It wasn’t too long ago that our home office had morphed into a dump-all. Right around Thanksgiving, in fact. My husband, a man with a very big heart but a very disorganized approach to paperwork, had stacks of stuff all over the place. (I’m sure he understands it, but it is all madness to me.) His desk nested under the window, on the wall opposite the door. To hide the mess, the door had to always be kept closed. I hate closed doors.
I decided to move the desk and filing cabinet to the same wall as the door and move the other furniture to the windowed wall. That way, even if John left a few piles out, the door could be kept open as long as the rest of the room was tidy. Passersby would be none the wiser.
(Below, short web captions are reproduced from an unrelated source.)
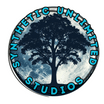 Synthetic Unlimited 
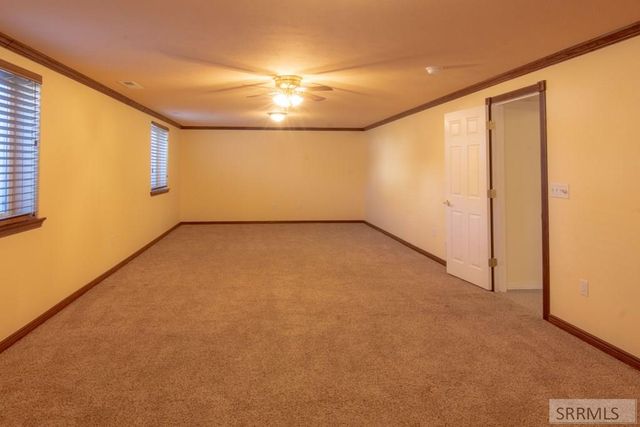 723 Raindrop, Chubbuck, ID 83202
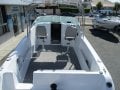 Smuggler 660 Sportscruiser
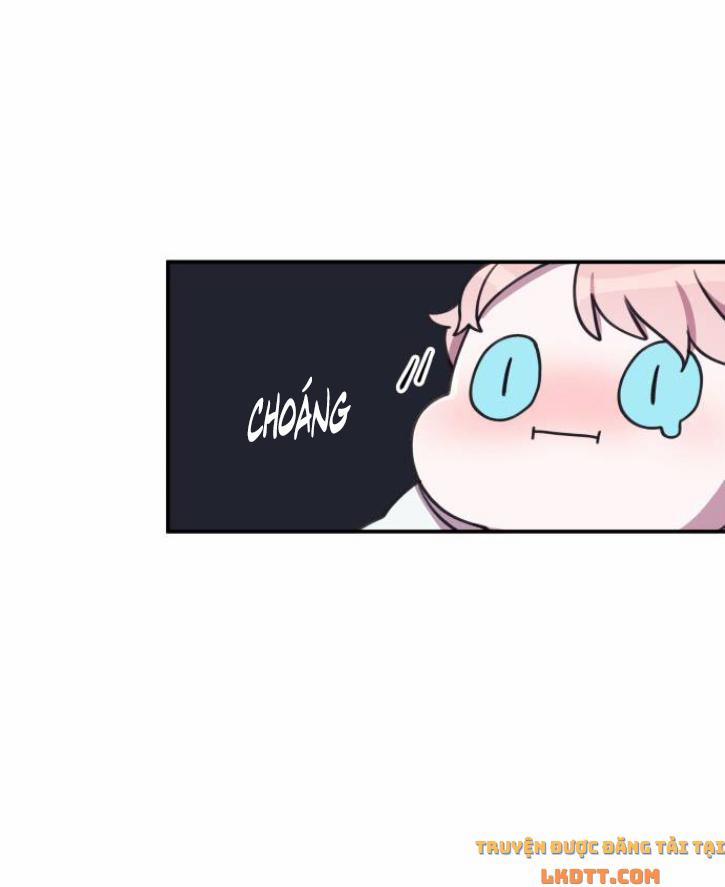 Lạy Chúa! Xin Hãy Để Con Trở Thành Ác Ma 0 trang 35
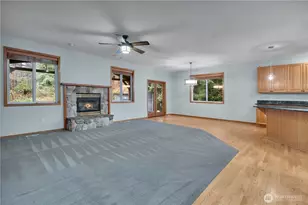 44217 SE Mount Si Rd, North Bend, WA 98045 - Photo 12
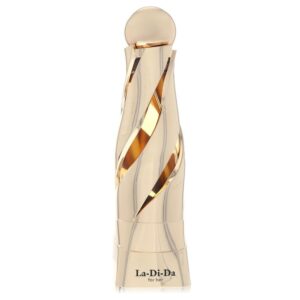 Arabiyat Prestige La-Di-Da by Arabiyat Prestige - 3.4oz (100 ml)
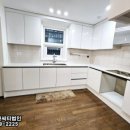 월드캐슬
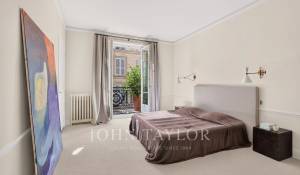 Venda Apartamento Paris 10ème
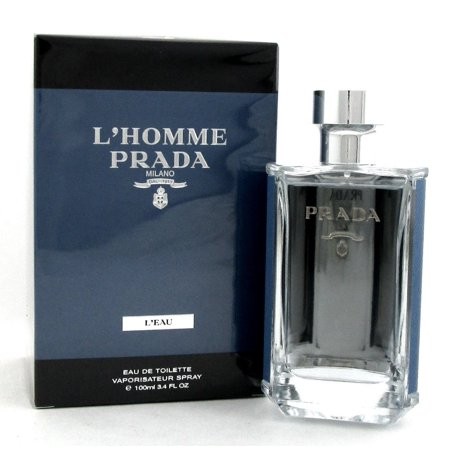 lhomme-prada-edt-eau-100ml-ns-5053253.jpeg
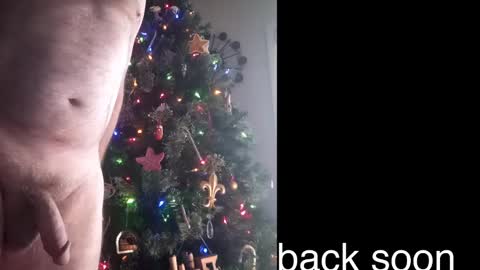 liebestool8 online show from January 1, 8:47 pm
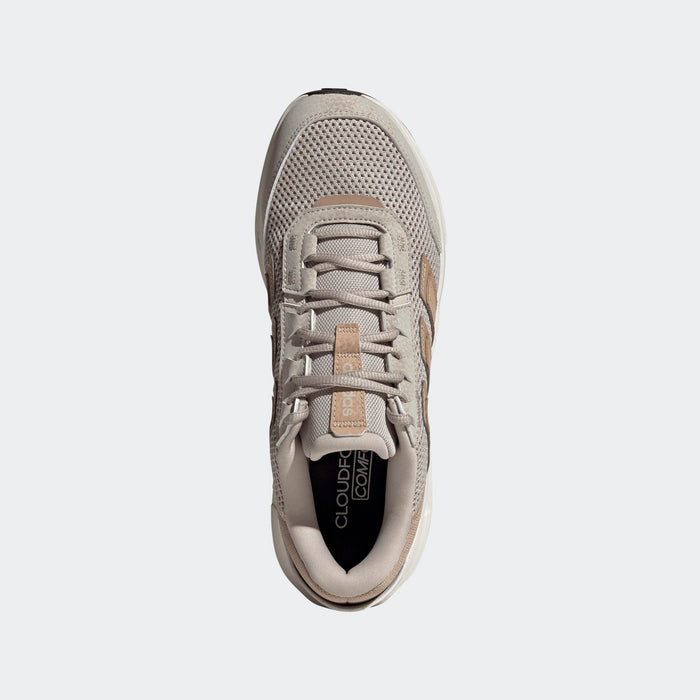 Men's Astrastar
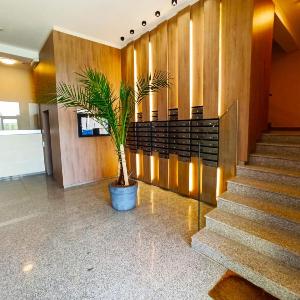Bright&Cozy Coresi C2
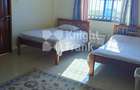 3 Bed Apartment with En Suite in Kizingo - 4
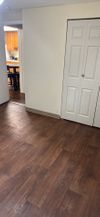 Private Room in 2Bed.1Bath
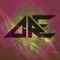 A.R.E.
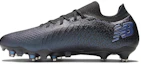 Buy New Balance Tekela v4 Pro Low FG ''Pack Beyond Orbit'' ST1FLBB4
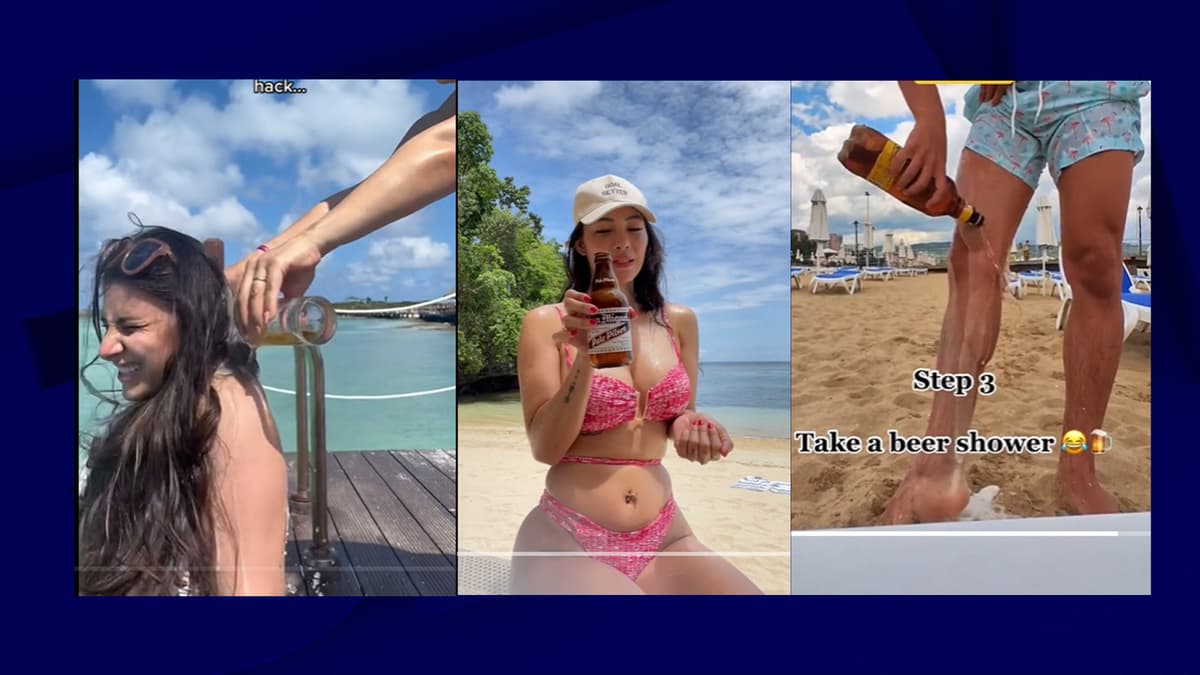 placeholder video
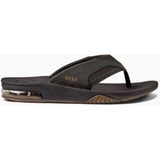 Reef Slippers kids fanning ci6656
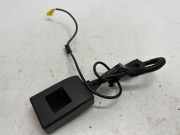 Gurtschloss Mercedes-Benz M-Klasse (W166) A1668600169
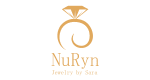 Nuryn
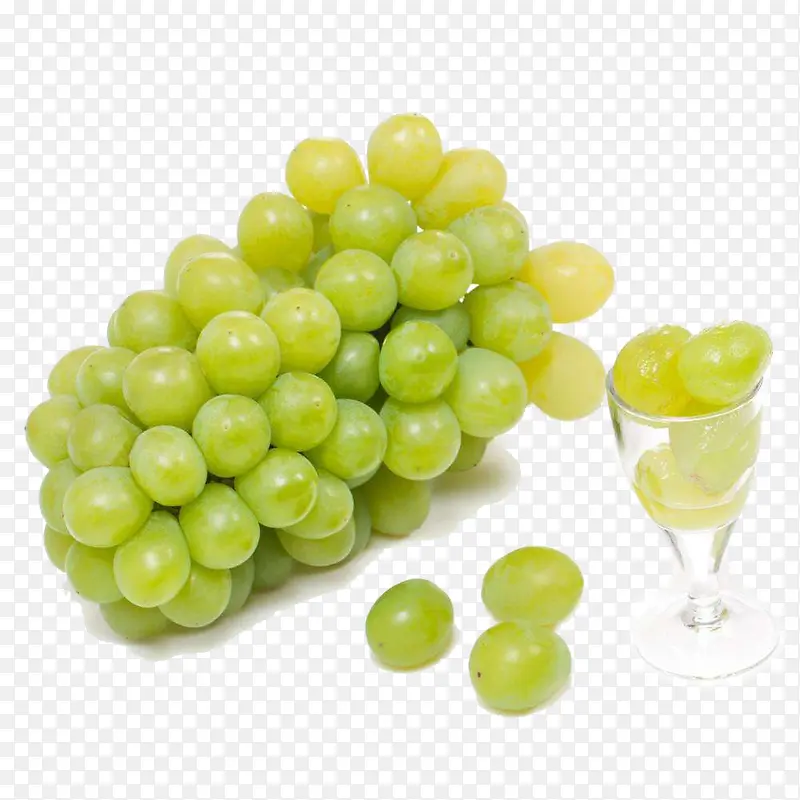 �������ز�-������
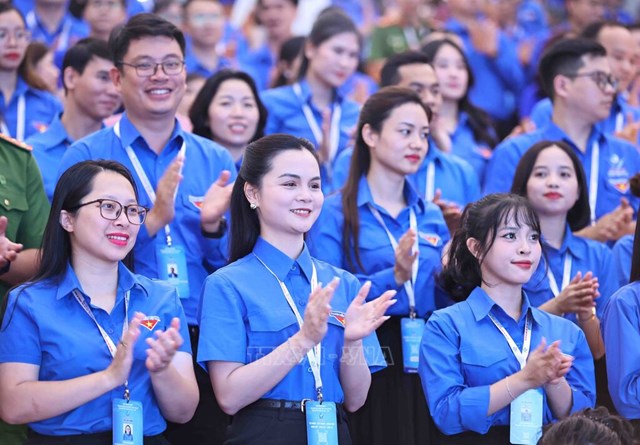 Ảnh minh họa&nbsp;
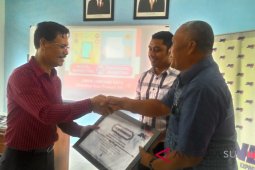 UMKM Labuhanbatu diarahkan "go digital"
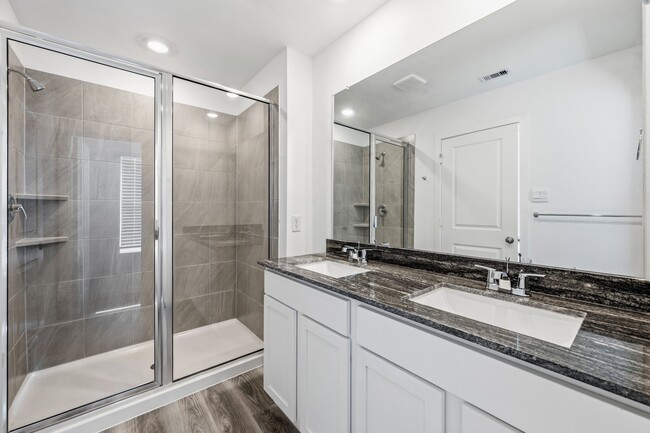 Building Photo - 17818 Delmar Hts Ln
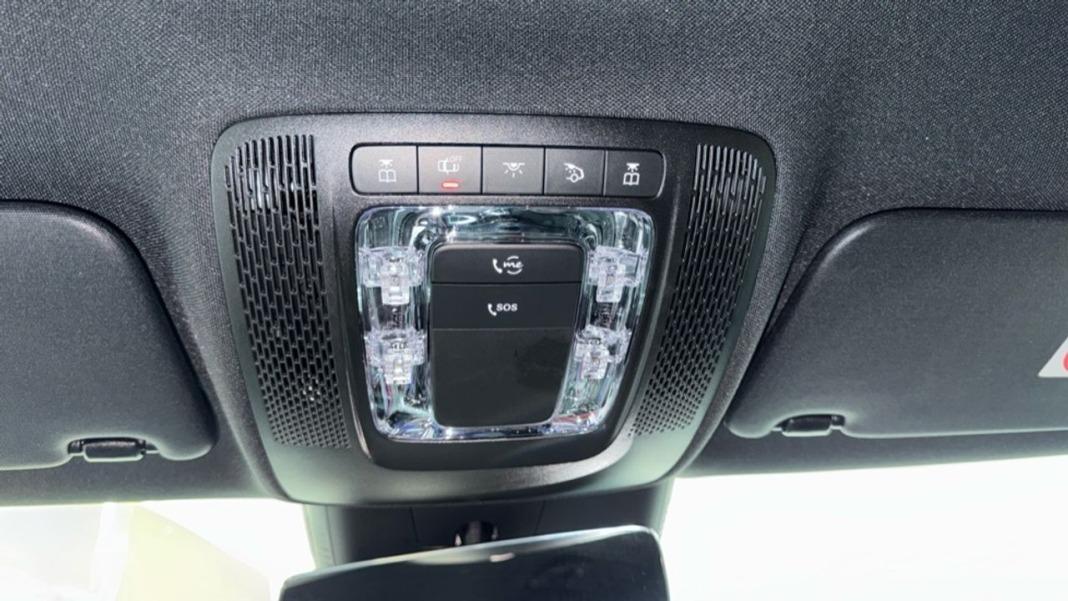 Mercedes Clase A A 180 d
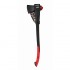 AWTOOLS AXE FULL COMPOSITE 1800g BLACK LINE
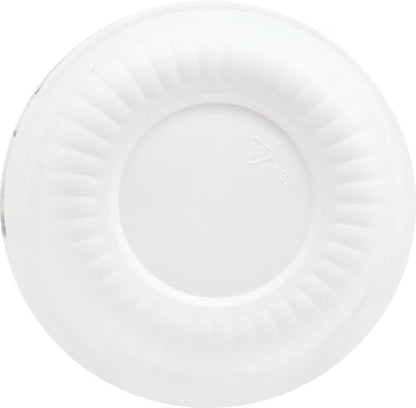Premium Steamed White Rice, 7.4 Oz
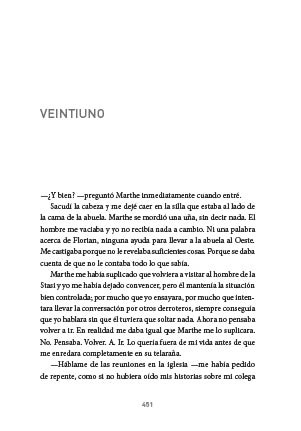 page 451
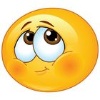 Emoticons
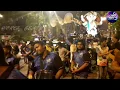 Download Lagu WORLI BEATS (Aai Maulicha udo udo) at PAREL CHA SAMRAT(Mumbai)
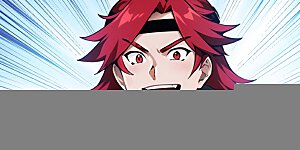 第248话 谈笔生意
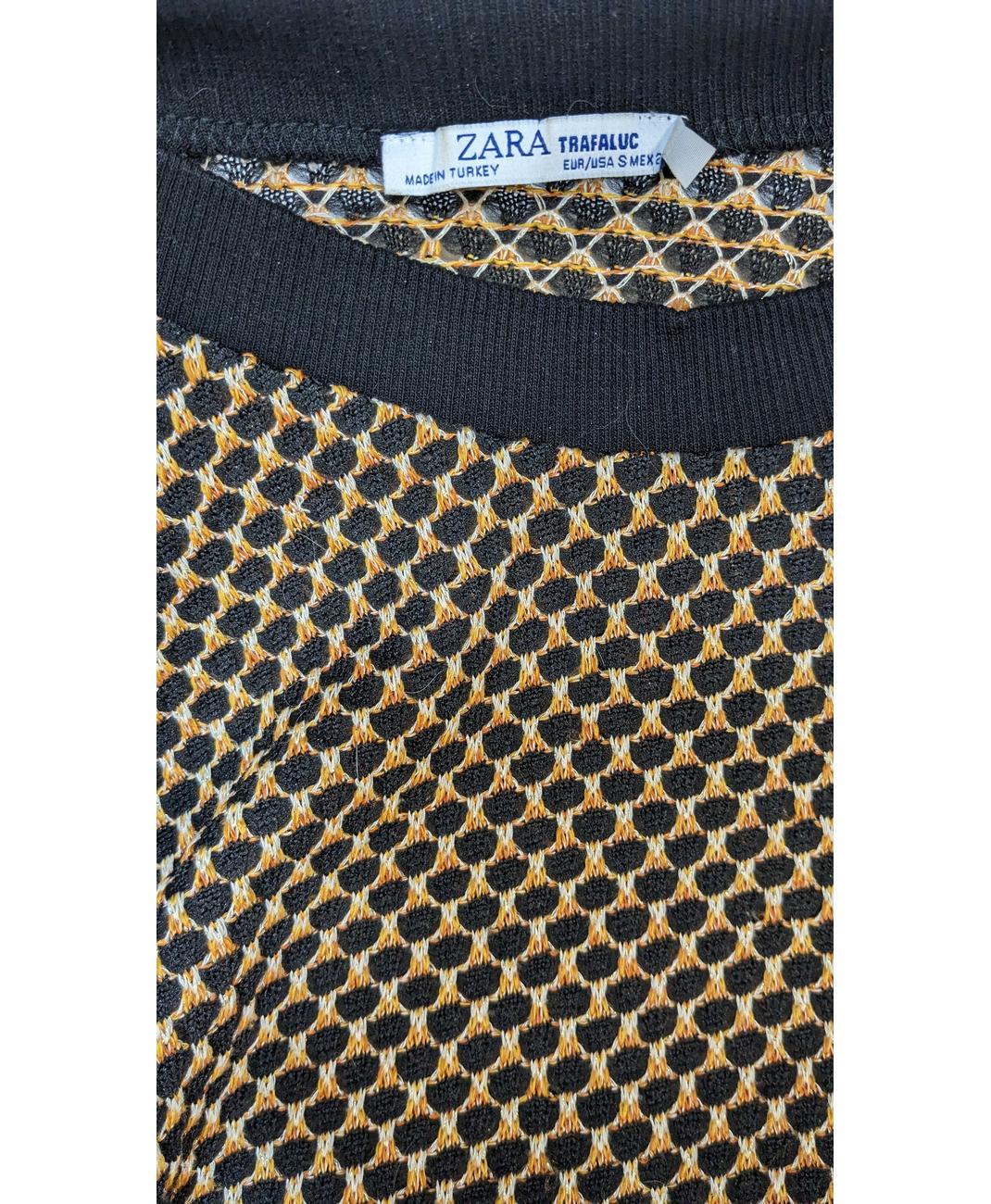 ZARA - Image 5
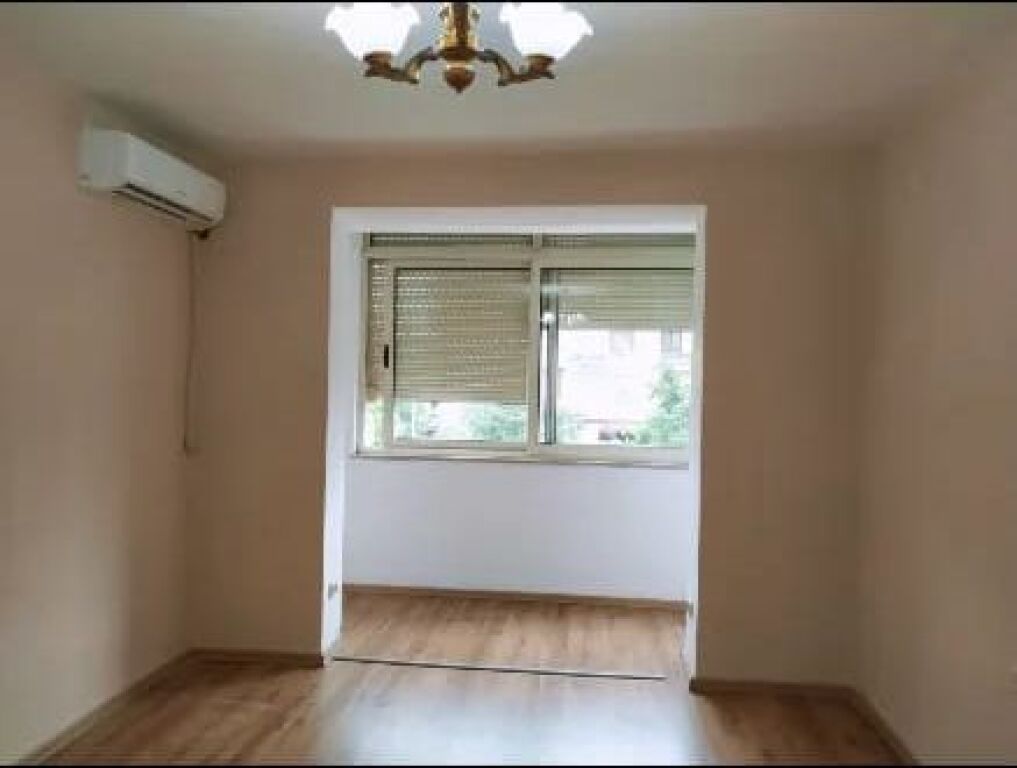 Apartament 1+1 Qera 21-Dhjetori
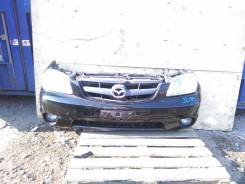 Ноускат MAZDA TRIBUTE, EPEW, YF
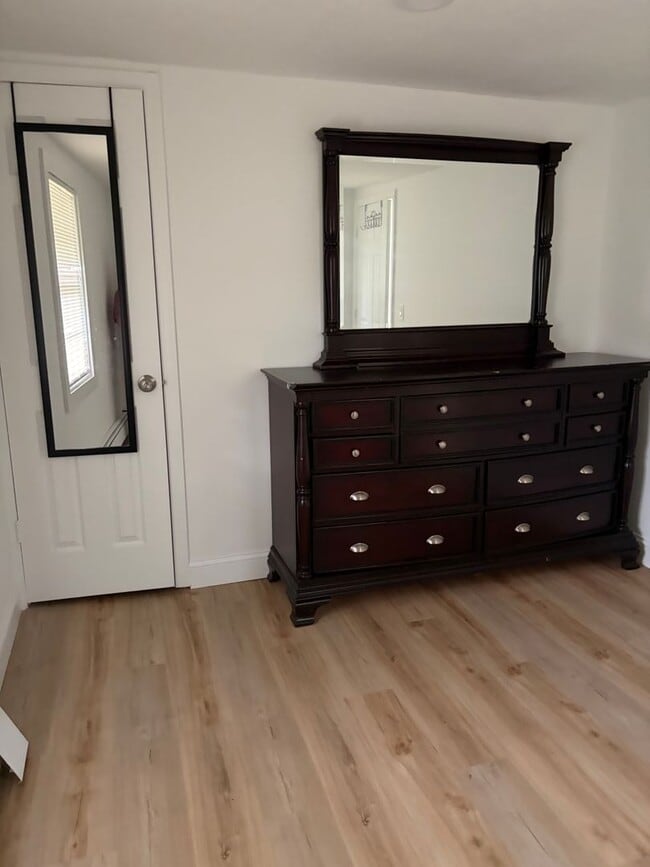 Photo - 624 MA-28 Unit C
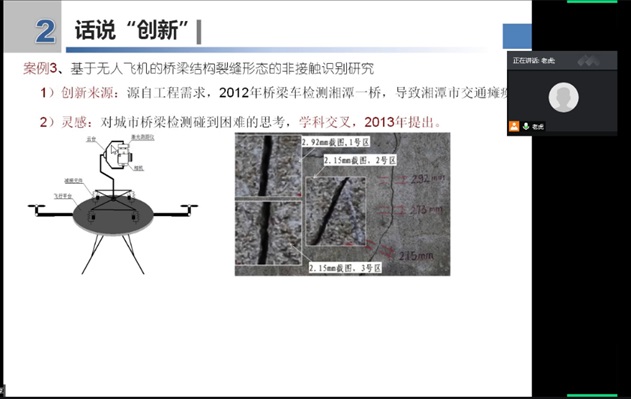 d3f1f55ad97740c29eff7b39ebc5e01d.jpg 3044am永利集团官网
As I began to move the piles off the desk, I ran across a few piles that didn’t have anything to do with John’s paperwork. Piles of my mom’s phone books dating back to 1999. Piles of her old magazines. Piles of sales circulars she thought it was important to keep. A little poem she had written. Whether one she authored or one she happened to read and like well enough to reproduce, I’m not sure. But it was in her hand just the same:
Good Morning, God
You are ushering in another day
Untouched and freshly new.
So here I come to ask you, God
If you’ll renew me, too.
Forgive the many errors that
I made yesterday.
And let me try again, Dear God
To walk closer in Thy way.
But, Father, I am well aware
I can’t make it on my own.
So take my hand and hold it tight.
For I can’t walk alone.
My mom. I remembered just where she taped it, on her own desk, when she lived.
I remembered her computer. We had taken it for Travis after she passed away, but he didn’t have a lot of use for it. Since the computer was about 10 years old, the monitor alone took up the entire desktop space in his room. I brought it into the office and hooked it up once the desk was moved to the door wall.
I took that poem and taped it to the filing cabinet next to the desk. I searched through the phone books, circulars and magazines to see if she had left any messages there. Finding none, I recycled them. I found a place for everything else in the office, working in spurts over the next few days. By the weekend before Thanksgiving, everything in the office had a home. Then I sat down and cried.
I sobbed. I called John in and grabbed onto him. He is so good to me. He just held me. Held me tight and let me drench his shoulder with my tears, though he had no idea why I was so torn up.
When all was said and done, I had cleaned the office. The Lord had cleared my heart of some of the grief that I refused to face. And my mind and spirit were at peace that day.